Quelles alternatives aux circuits traditionnels de transfert de fonds ?

Soumis par Anonyme le
  • Pour des raisons juridiques, géographiques ou simplement de coût, les méthodes informelles constituent parfois le seul moyen pour le migrant d'envoyer de l'argent.
  • De nouveaux opérateurs font depuis peu leur apparition sur le marché grâce au développement des nouvelles technologies, principalement la téléphonie mobile.
  • Il existe d'autres manières d'envoyer de l'argent dans son pays d'origine : des méthodes qui lient transferts de fonds et développement ou offrent un service à valeur ajoutée.

Méthodes informelles

Il existe différentes méthodes informelles pour envoyer de l'argent, des méthodes au sujet desquelles il est difficile de trouver de l'information, car elles se situent dans l’anonymat et échappent aux contrôles officiels. Pour ces mêmes raisons, ces canaux informels sont généralement perçus comme étant aussi les principaux canaux utilisés pour le blanchiment d'argent et le financement du terrorisme. Cependant, ils constituent souvent la seule alternative valable pour les migrants. Les raisons principales qui poussent les expéditeurs à emprunter les canaux informels sont les coûts de transaction, l’accessibilité géographique, le taux de change et les conditions d’accès juridiques.

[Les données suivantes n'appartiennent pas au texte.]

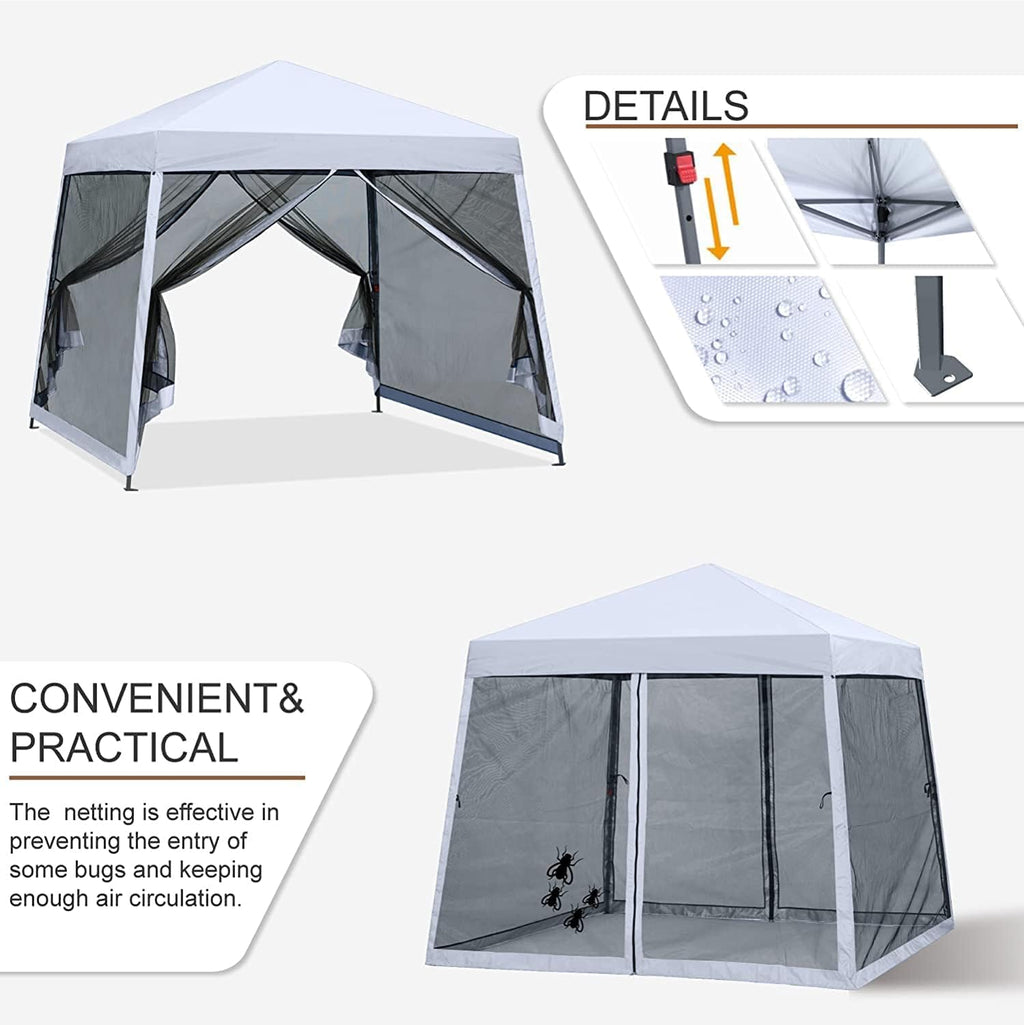 mastercanopy 11x11 slant leg gazebo canopy with netting showing dimensions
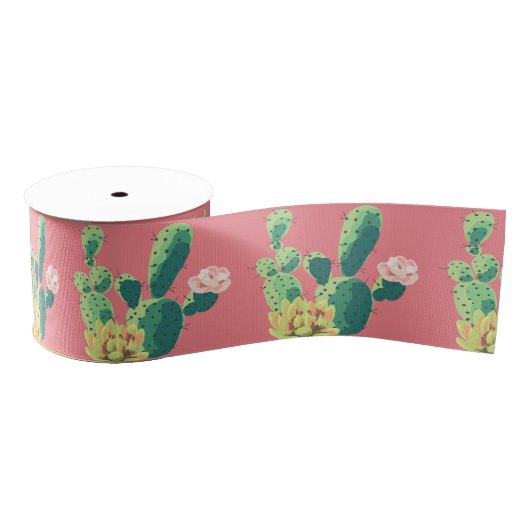 3" Grosgrain lint Bohemian Cactus Succulents Des (Spoel)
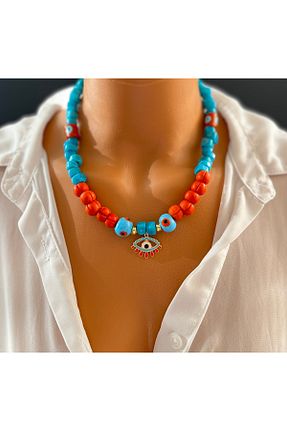 گردنبند جواهر نارنجی زنانه شیشه Limi Design - کد 818969507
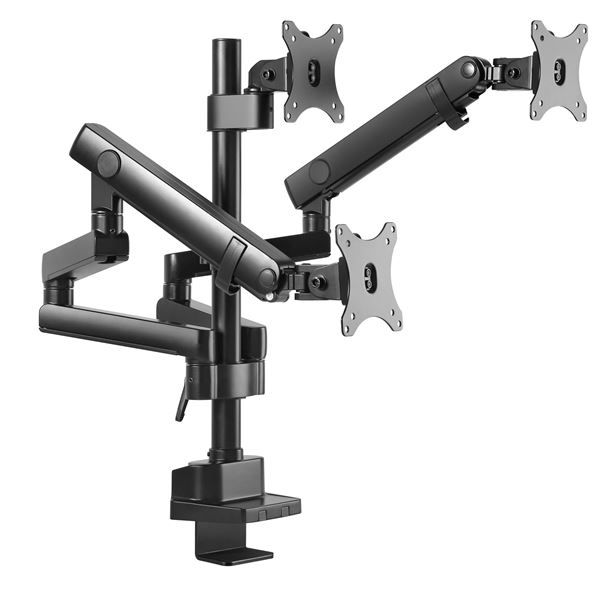 BRATECK 17"-27" Triple Monitor Spring-Assisted Desk Mount Bracket. Max load 7kg per Arm. Max Arm Extension - 689mm. Supports VESA 75x75 &100x100. Quick-Release VESA Plate. Colour Matte Black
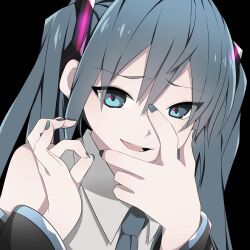 Rule 34 | 1girl, aqua eyes, aqua hair, aqua nails, bare shoulders, black background, collared shirt, detached sleeves, hair between eyes, hair ornament, hand on own face, hatsune miku, highres, long hair, looking at viewer, nail polish, necktie, ok sign, open mouth, ryuuga sazanami, shirt, smile, smirk, solo, twintails, upper body, very long hair, vocaloid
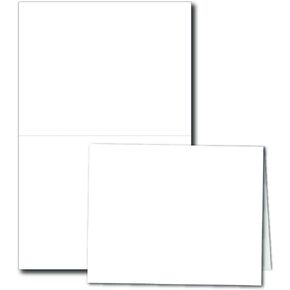 Heavyweight Blank White A2 Folded Note Cards - 4.25" x 5.5" - Greeting Cards for Card Making - Thick 80lb Stock - Inkjet/Laser Printer Compatible (40 Cards)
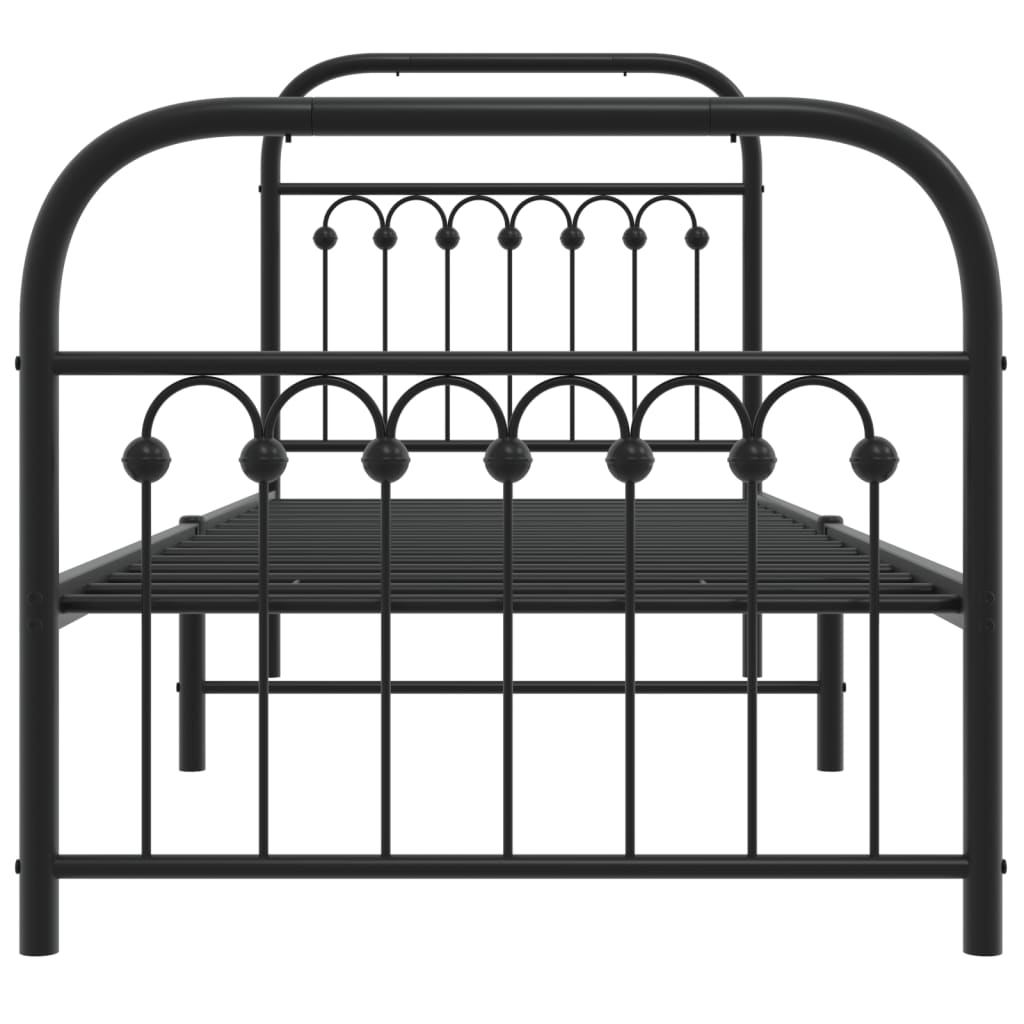 Metal Bed Frame without Mattress with Footboard with Headboard & Footboard Black 75 cm 190 cm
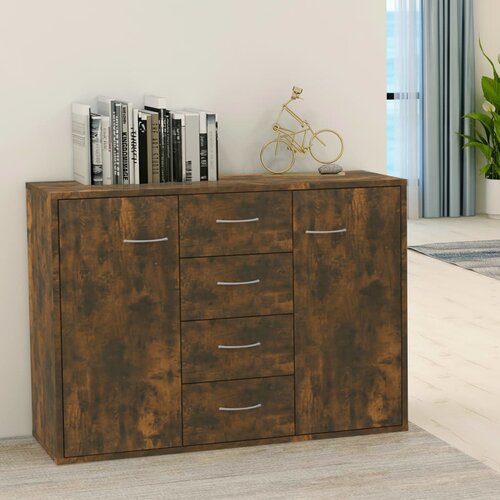 vidaXL Komoda dimljeni hrast 88x30x65 cm inženirski les Cene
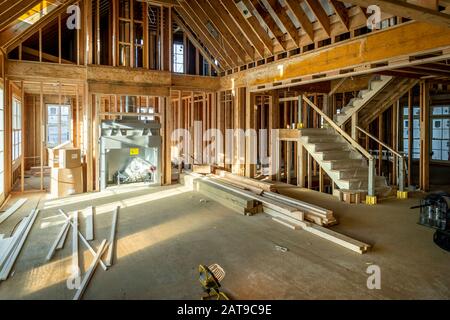 Intérieur En Bois De Construction Résidentielle, États-Unis Banque D'Images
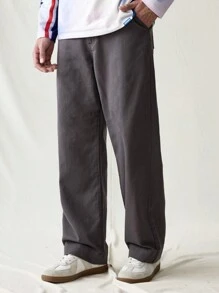 Manfinity Hypemode Pantalones casuales rectos y holgados de mezclilla gris claro para hombre, Urban Chill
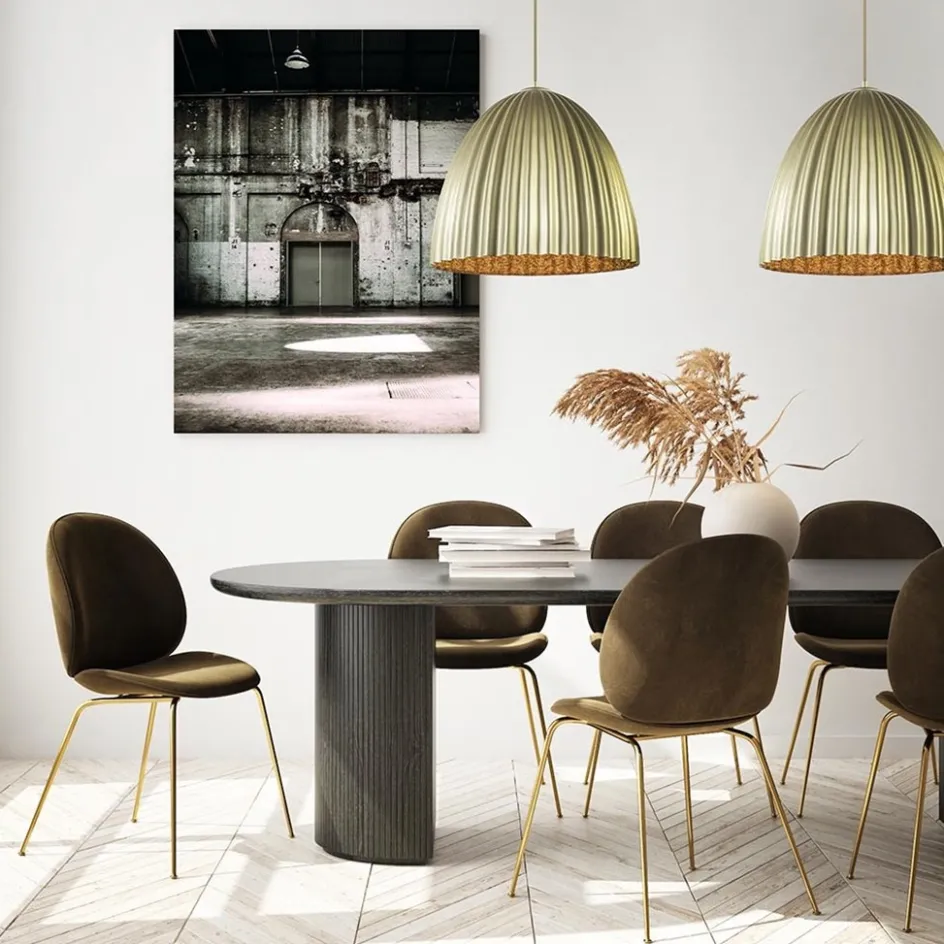 Grote hanglamp mat goud met relief 50 cm>Straluma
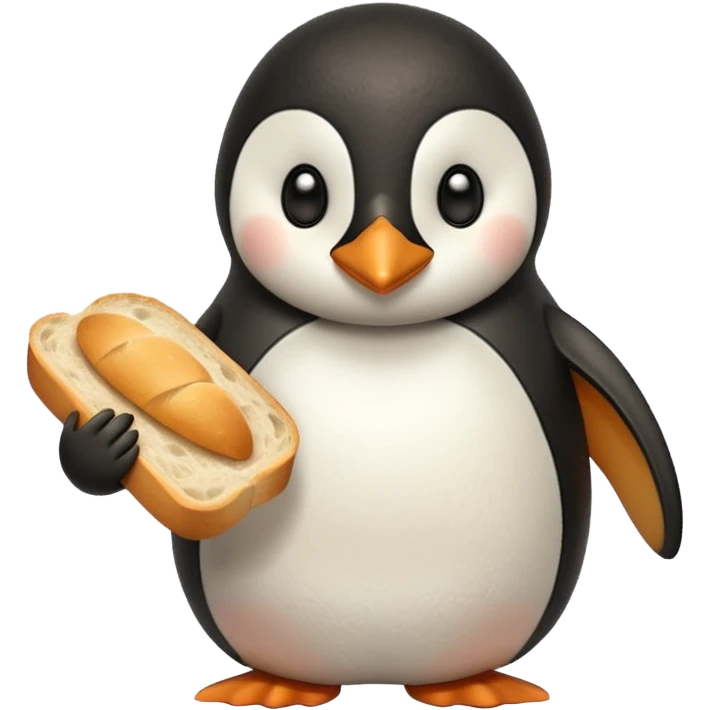 a penguin holding a loaf emoji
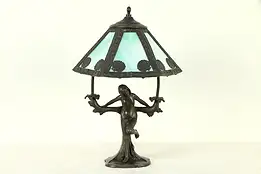 Printemps Spring Statue Lamp, Stained Glass Shade, L. Beck #31699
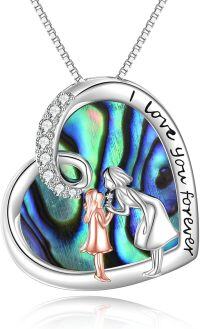 wholesale 925 Sterling Silver Mother Daughter Love Forever Heart Pendant Necklaces Gifts-Mother Daughter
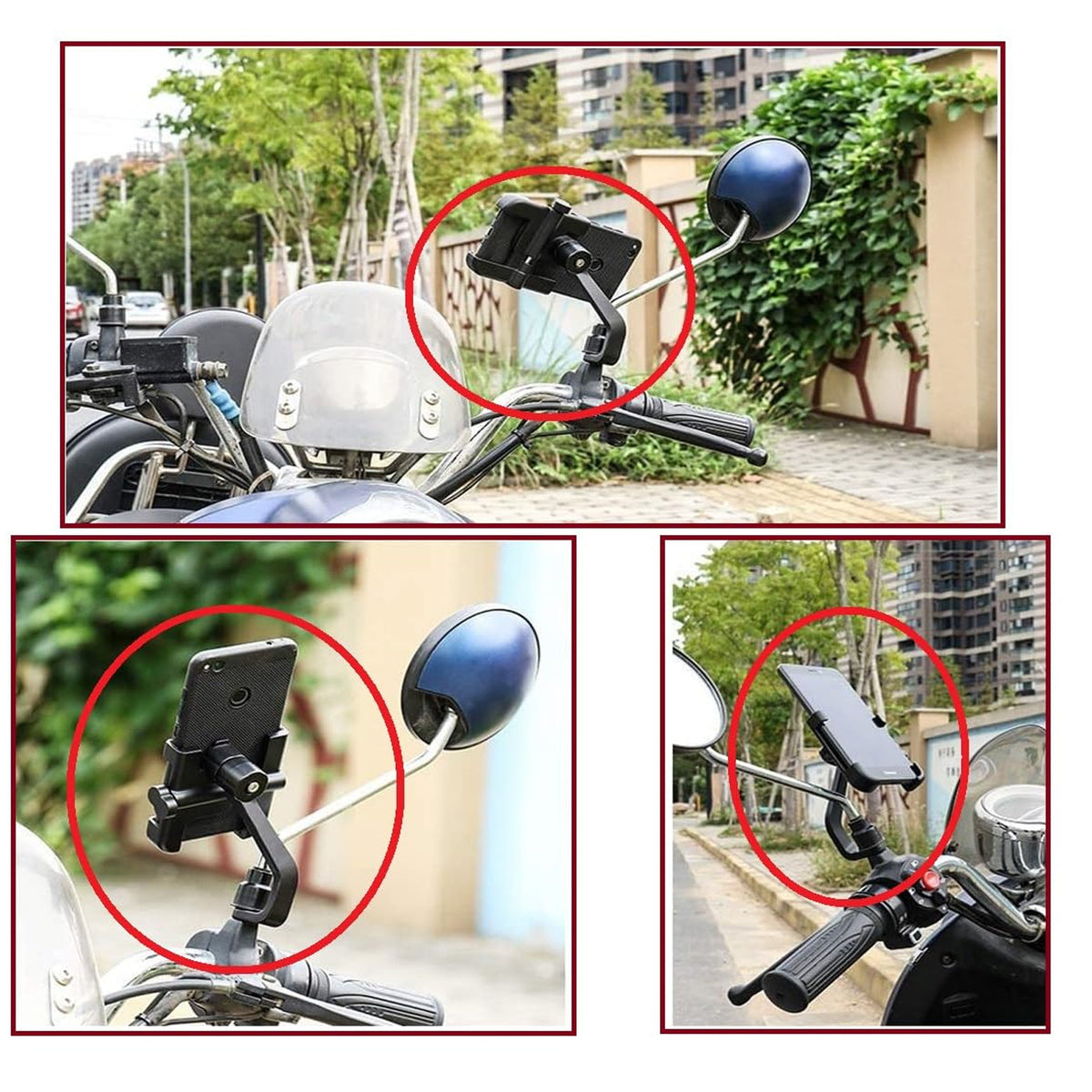 Wukusy full metal body bike and scooter mobile holder with 360-degree rotation for smartphones, GPS, and maps on bicycles and motorcycles.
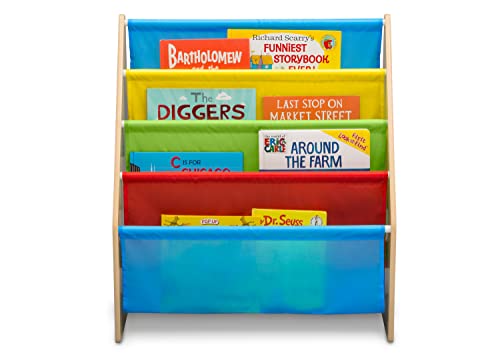 image for Delta Children Sling Book Rack Bookshelf, 4-Tier Wooden Shelf with Sof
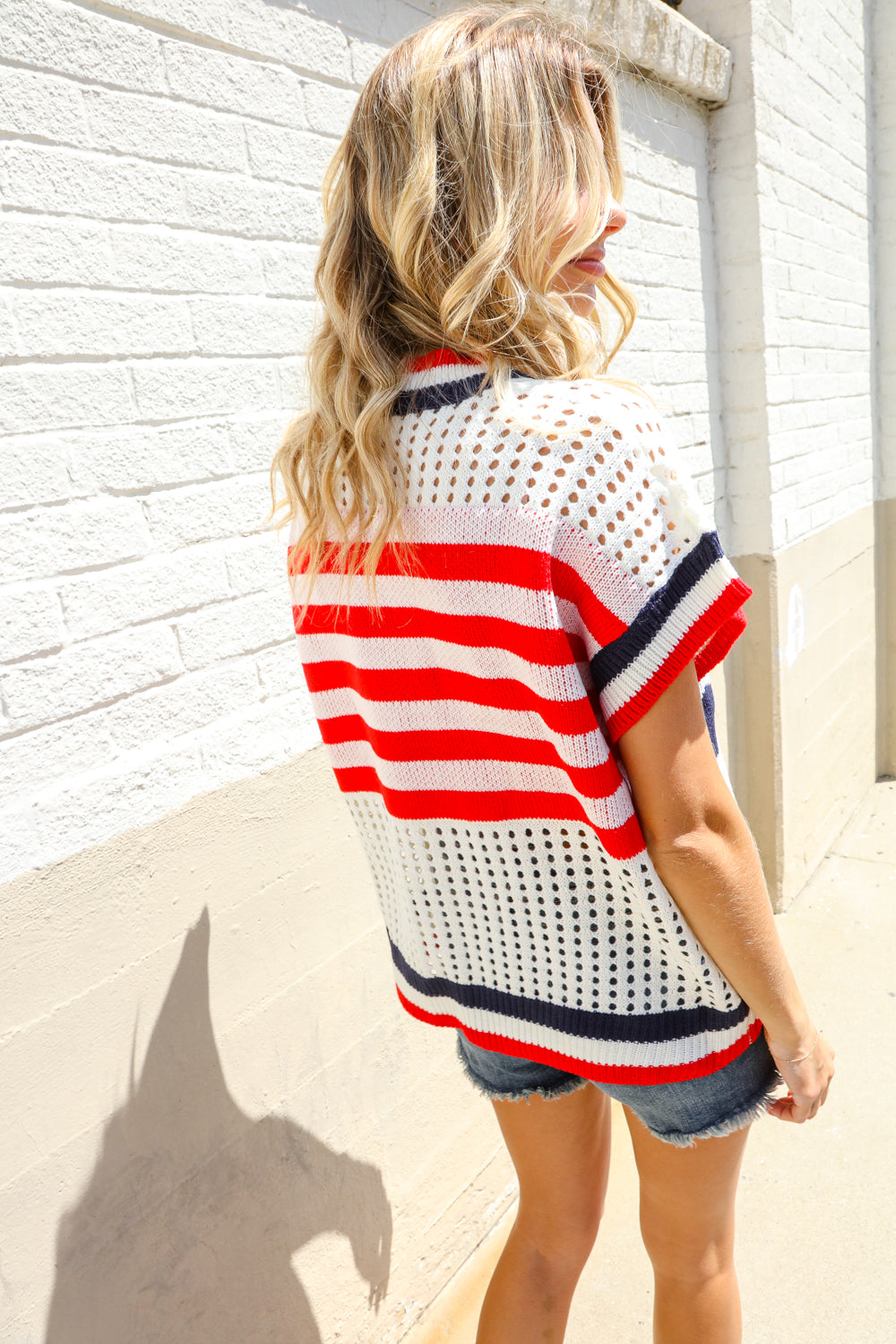 Haptics Stars & Stripe Dolman Sleeve Netted Sweater Top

Les transferts informels peuvent se faire en espèces, en nature, sous forme de donation à des institutions ou de paiements de services. Le système de porteur est le plus courant : l’argent d’un ou plusieurs membres de la diaspora est transmis à l'un des membres retournant au pays. Ces réseaux informels sont organisés par les migrants eux-mêmes et tissés sur la base des liens familiaux, des solidarités communautaires. Il est aussi possible de faire appel à un porteur spécialisé.

Des structures plus élaborées existent également, parfois anciennes et basées sur des appartenances ethniques ou religieuses (les « hawala » au Moyen-Orient ou « hundi » en Inde), parfois via des commerçants. Elles reposent sur les contacts entre deux agents, l’un dans le pays d’accueil et l’autre dans le pays d’origine. Ce système repose sur la confiance. Les fonds ne transitent pas de façon effective à chaque transaction mais virtuellement, les agents réglant leur solde à intervalles réguliers (système des chambres de compensation). Toutefois, ces systèmes informels n’offrent ni traçabilité, ni couverture du risque (risques de détournement de l’argent, pas de documents écrits), et ne sont pas toujours moins chers.

Une dernière méthode de transfert informelle repose sur l’intervention des ONG ou des missions religieuses. L’expéditeur remet l’argent à une ONG ou à une mission religieuse installée en Belgique. Celle-ci contactera alors des partenaires dans le pays d’origine qui transmettront le montant équivalent au bénéficiaire. Dans ce cas aussi, une petite commission peut être prélevée. Ce système est également utilisé pour faire parvenir de l’argent à des bénéficiaires qui habitent des régions isolées dans lesquelles l’ONG ou la mission religieuse a un partenaire.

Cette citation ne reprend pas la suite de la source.